Maj. John Clark was an American spy for George Washington, primarily responsible for running the intelligence network in and around Philadelphia during the British occupation of that city during the American Revolutionary War.
Clark was responsible for operating one of the most notable spy rings organized and run by the Continental Army during the war, one which prevented the destruction of Washington’s army at least three different times.
He originally came to the attention of George Washington during the evacuation of Long Island and Manhattan. He had been used to travel across Long Island Sound and scout troop movements on Long Island.
His most important assignment occurred during the period September to December 1777 when despite a serious injury to his shoulder he was asked by Washington to obtain information about General Howe’s activities in Philadelphia. He set up a group of informants and couriers and sent 30 detailed reports to Washington that allowed the Continental Army to react to British movements. He even set up a hoax and offered to inform on the Americans to General Howe. Howe who decided to accept his offer from this Quaker Loyalist under a false name offered him rewards.

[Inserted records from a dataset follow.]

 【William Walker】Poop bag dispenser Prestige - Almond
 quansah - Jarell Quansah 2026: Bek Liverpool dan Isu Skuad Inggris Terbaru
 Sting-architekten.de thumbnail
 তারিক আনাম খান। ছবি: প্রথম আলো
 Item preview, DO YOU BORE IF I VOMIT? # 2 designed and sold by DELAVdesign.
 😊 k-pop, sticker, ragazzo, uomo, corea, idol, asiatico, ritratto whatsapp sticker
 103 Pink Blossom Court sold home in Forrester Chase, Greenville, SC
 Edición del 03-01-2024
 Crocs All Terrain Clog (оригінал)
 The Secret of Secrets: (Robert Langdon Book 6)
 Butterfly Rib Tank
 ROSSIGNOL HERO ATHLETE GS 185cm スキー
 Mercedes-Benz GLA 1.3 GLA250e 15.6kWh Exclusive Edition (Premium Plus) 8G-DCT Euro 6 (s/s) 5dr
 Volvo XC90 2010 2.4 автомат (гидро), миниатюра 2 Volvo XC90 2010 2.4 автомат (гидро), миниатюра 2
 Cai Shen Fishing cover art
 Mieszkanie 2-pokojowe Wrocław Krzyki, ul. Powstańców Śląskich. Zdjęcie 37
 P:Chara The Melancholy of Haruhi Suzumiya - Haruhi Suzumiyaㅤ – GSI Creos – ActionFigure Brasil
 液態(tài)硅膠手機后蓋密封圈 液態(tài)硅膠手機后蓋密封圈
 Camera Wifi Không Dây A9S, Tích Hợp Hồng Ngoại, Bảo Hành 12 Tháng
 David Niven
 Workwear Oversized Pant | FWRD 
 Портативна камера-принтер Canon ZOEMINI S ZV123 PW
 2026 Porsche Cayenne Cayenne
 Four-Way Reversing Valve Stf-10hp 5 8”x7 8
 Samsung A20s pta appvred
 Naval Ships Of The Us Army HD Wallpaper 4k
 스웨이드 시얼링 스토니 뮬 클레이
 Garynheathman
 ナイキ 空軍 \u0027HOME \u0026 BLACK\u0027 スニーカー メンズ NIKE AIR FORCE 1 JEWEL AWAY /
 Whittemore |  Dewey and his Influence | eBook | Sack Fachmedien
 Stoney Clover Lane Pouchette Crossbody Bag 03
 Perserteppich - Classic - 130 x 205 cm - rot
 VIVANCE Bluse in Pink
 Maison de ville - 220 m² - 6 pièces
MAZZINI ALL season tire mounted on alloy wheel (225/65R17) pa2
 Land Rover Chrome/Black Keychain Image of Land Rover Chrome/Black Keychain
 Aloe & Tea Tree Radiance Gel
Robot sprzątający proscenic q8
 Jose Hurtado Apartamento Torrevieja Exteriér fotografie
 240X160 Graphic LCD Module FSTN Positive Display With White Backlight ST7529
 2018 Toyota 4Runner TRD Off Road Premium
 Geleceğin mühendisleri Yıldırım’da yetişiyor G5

His courier who delivered the messages walked around Philadelphia acquiring a lot of information. When Washington learned of this hoax he prepared a false report of the Continental Army’s strengths and planned movements. This was delivered to Howe. In December with his wound still not healed and having not seen his wife in over a year he asked Washington to be released. Washington, thankful of his service, agreed and introduced him to Henry Laurens, who gave him a desk job as auditor of Army expenses. He never did release names of informants or couriers and sank into respectable obscurity.